The third planned integration is with the LUMI supercomputer. LUMI has its own project management portal called Puhuri, which is used to create projects on the LUMI supercomputer. The consortium has worked with the Puhuri development team to support the functionality from the DeiC Integration Portal. Due to the scope of the Puhuri portal, this integration will, however, be limited to project management and requests of resources on LUMI. It is not yet possible to run jobs on LUMI directly from the DeiC Integration Portal.

What comes next?

With the DeiC Integration Portal now launched, in the future more DeiC services can be added. The majority of DeiC HPC services are already part of the portal: DeiC Interactive HPC (where hardware is placed both at SDU and AAU), DTU Sophia (part of DeiC Throughput HPC), DeiC Large Memory HPC and LUMI. The missing DeiC HPC services, part of the DeiC Throughput HPC, will be added in the future.

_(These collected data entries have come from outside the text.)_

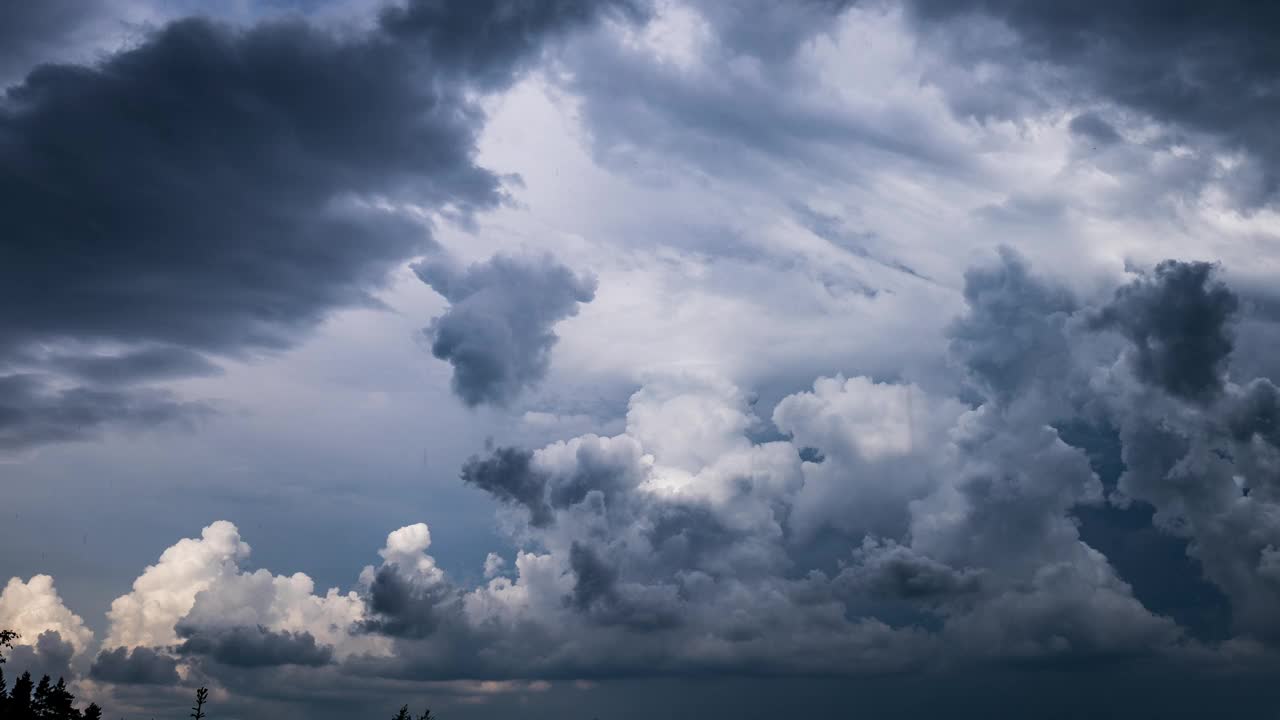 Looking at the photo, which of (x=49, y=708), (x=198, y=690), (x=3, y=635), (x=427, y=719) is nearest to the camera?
(x=3, y=635)

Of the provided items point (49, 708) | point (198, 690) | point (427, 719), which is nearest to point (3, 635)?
point (198, 690)

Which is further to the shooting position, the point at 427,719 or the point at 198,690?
the point at 427,719

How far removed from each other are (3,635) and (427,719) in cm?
8737

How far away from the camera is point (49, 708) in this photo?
144000mm

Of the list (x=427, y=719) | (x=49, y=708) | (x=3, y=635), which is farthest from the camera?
(x=427, y=719)

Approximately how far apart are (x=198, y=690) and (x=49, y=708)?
39899 millimetres

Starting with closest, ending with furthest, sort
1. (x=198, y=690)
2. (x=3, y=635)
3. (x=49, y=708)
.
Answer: (x=3, y=635) → (x=198, y=690) → (x=49, y=708)

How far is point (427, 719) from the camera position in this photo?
183 m

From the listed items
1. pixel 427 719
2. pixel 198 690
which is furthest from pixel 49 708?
pixel 427 719

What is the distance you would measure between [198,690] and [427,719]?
2680 inches

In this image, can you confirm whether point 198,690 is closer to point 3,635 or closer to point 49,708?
point 3,635

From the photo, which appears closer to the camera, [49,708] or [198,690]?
[198,690]

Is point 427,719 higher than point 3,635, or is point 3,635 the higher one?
point 3,635

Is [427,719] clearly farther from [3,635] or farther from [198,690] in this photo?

The DeiC Integration Portal will also make it possible to integrate with the upcoming DeiC data management services. A possible integration with DeiC data management services could mean that researchers will be able to use their data across the whole portfolio of DeiC services, for example to analyse data at different DeiC HPC centers.

In collaboration with DeiC, we plan to improve the look and branding of the new DeiC Integration Portal.

Outside of Denmark, the functionality of the new DeiC Integration Portal has already caught the attention of research institutions. This includes e.g. the HALRIC consortium, which recently received 11 million euros to build collaborations between companies, hospitals and universities (see press release from Lund University here). Within Denmark, there has been a dialogue with Danish Bioimaging Infrastructure (DBI-INFRA) Image Analysis Core Facility, who are also interested in the possibilities offered by the platform.

No doubt, the attention the DeiC Integration Portal has received both nationally and on a European level is an acknowledgement of the skills and competences of the consortium’s developers and the original vision of the DeiC Board from 2020. Surely, this is only the beginning of many future collaborations, which will benefit the research environment in Denmark.